(Goal of the exercise) Copy the lines exactly as they appear, starting with the first line of the records and ending with the line that contains "Londres, Royaume-Uni. 12".

### Data under study

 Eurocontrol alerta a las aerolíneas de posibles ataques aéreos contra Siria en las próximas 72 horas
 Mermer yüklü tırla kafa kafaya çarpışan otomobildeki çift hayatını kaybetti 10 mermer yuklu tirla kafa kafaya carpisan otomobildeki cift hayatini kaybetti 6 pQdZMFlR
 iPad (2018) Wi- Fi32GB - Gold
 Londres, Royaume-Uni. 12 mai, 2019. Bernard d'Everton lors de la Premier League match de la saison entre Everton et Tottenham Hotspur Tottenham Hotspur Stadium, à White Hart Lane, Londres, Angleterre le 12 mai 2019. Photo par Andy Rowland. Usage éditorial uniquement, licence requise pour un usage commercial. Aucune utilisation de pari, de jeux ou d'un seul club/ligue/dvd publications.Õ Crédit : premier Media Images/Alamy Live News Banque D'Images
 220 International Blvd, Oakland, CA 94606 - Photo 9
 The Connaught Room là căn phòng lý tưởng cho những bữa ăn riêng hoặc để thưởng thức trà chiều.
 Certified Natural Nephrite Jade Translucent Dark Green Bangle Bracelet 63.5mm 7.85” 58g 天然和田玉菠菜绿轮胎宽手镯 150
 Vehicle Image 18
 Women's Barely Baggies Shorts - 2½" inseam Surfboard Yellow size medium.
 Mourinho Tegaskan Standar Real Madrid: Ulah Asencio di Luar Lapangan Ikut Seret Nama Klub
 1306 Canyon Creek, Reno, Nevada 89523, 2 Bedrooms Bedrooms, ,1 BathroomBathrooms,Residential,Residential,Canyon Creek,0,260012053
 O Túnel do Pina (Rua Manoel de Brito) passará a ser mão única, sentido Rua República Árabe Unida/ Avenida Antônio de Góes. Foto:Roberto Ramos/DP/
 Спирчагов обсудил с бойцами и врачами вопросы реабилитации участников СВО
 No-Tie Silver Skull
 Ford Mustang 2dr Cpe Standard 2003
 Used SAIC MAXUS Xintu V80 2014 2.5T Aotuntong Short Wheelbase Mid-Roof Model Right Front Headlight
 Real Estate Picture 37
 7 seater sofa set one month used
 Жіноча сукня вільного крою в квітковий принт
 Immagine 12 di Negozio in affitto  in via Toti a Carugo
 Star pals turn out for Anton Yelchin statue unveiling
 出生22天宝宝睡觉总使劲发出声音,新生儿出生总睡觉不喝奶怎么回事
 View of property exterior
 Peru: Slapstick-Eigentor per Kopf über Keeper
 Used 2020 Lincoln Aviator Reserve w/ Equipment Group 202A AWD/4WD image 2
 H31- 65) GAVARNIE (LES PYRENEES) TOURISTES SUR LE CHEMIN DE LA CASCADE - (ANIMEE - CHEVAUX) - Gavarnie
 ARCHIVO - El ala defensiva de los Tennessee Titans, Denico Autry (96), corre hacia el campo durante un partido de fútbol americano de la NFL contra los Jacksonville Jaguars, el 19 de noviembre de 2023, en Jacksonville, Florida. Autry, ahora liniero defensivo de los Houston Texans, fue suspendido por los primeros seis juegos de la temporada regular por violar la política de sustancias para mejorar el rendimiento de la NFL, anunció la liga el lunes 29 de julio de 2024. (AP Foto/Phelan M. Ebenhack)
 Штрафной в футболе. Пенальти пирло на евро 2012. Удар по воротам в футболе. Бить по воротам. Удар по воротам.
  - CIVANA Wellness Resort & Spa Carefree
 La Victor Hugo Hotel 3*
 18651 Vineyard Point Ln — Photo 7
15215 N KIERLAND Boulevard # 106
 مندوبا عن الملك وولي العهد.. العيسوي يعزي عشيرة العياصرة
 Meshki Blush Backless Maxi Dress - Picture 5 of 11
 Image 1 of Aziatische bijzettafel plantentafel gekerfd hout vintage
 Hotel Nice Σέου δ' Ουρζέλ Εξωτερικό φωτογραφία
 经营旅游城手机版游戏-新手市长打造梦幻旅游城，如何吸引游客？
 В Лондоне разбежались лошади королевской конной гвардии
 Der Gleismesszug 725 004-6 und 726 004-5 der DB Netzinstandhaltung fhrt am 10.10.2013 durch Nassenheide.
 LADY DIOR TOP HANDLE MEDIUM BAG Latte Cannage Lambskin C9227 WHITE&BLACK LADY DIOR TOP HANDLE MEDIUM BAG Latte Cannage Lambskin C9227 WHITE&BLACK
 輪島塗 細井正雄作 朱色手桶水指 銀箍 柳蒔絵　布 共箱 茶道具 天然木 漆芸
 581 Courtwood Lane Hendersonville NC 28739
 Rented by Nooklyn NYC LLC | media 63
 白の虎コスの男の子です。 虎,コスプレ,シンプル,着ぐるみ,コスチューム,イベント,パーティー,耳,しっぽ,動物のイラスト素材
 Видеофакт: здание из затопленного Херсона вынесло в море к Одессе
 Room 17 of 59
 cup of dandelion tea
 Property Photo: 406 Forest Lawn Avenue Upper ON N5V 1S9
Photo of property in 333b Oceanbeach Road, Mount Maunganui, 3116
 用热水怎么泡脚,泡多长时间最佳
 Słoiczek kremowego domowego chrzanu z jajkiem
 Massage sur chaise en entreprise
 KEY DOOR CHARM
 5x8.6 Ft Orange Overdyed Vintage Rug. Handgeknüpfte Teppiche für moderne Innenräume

######

(Response below)
 Eurocontrol alerta a las aerolíneas de posibles ataques aéreos contra Siria en las próximas 72 horas
 Mermer yüklü tırla kafa kafaya çarpışan otomobildeki çift hayatını kaybetti 10 mermer yuklu tirla kafa kafaya carpisan otomobildeki cift hayatini kaybetti 6 pQdZMFlR
 iPad (2018) Wi- Fi32GB - Gold
 Londres, Royaume-Uni. 12 mai, 2019. Bernard d'Everton lors de la Premier League match de la saison entre Everton et Tottenham Hotspur Tottenham Hotspur Stadium, à White Hart Lane, Londres, Angleterre le 12 mai 2019. Photo par Andy Rowland. Usage éditorial uniquement, licence requise pour un usage commercial. Aucune utilisation de pari, de jeux ou d'un seul club/ligue/dvd publications.Õ Crédit : premier Media Images/Alamy Live News Banque D'Images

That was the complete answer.